Some new alternatives for hoof care are now available which on the basis of clinical field trials hold up very well when compared to copper or formalin. In addition, these newer compounds are safer to the handler and less toxic to the environment. Formalin, for instance, is known to be carcinogenic, toxic, and irritant, and copper is environmentally toxic and can be toxic to sheep.
A new alternative to these traditional types of footbaths is tea tree oil (TTO), an essential oil which has been shown to have many beneficial medicinal uses as an antiseptic, anti-inflammatory, antifungal, and antibacterial agent, where it is used routinely in skin and epidermal care. TTO has been proven to have potent antibacterial and anti-inflammatory actions and also promotes health in the hoof keratin.
Hoofsure Endurance from Provita is a proven and safe footbath solution, a proprietary blend of organic acids, tea tree oil, and wetting agents. It has been highly successful in the field, in both sheep and cattle, in preventing lameness and thereby avoiding the heavy financial costs arising from the subsequent appearance of lameness.

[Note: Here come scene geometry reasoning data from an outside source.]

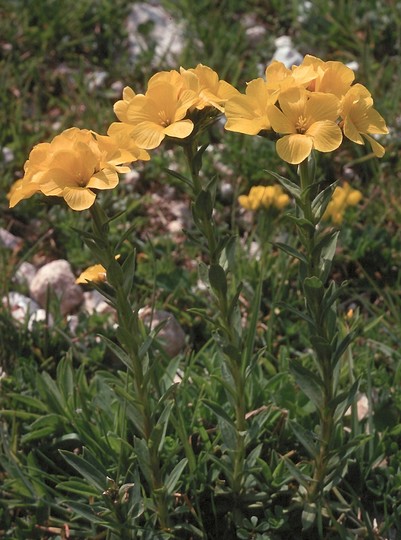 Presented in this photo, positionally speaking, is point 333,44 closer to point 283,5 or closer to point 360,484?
point 283,5

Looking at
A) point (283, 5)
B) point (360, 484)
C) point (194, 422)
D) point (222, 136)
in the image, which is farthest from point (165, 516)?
point (283, 5)

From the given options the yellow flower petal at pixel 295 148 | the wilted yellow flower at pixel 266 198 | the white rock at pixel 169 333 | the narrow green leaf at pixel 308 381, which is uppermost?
the yellow flower petal at pixel 295 148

Comparative field trials were performed using Hoofsure Endurance against copper sulfate and formalin footbaths, albeit primarily on cattle lesions, but the data is very much transferrable to sheep because the infection cycle is very similar. Notable research shows that Hoofsure Endurance is up to 44 per cent more effective than formalin and copper sulfate with proven antibacterial activity.
Queen’s University Belfast performed a time kill study on Hoofsure Endurance to determine its inherent antibacterial nature compared to formalin and copper sulfate. See chart above.
Under clean test conditions, within five minutes copper sulfate and formaldehyde were 99.99 per cent and 99.9999 per cent less effective than Hoofsure Endurance. Under dirty conditions, within five minutes the efficacy of copper sulfate and formaldehyde were reduced even further while the efficacy of Hoofsure Endurance was unaffected by the presence of dirt.
The dirty conditions were designed to replicate a typical on-farm challenge for footbath preparations. Hoofsure Endurance exceeded the efficacy test requirements under all test conditions whilst copper sulfate and formaldehyde failed to meet the test criteria.
This laboratory data was backed by a recent independent study on the effectiveness of footbath solutions in sheep found that 65 per cent of sheep improved after one pass through a footbath containing Hoofsure Endurance at two per cent dilution rate.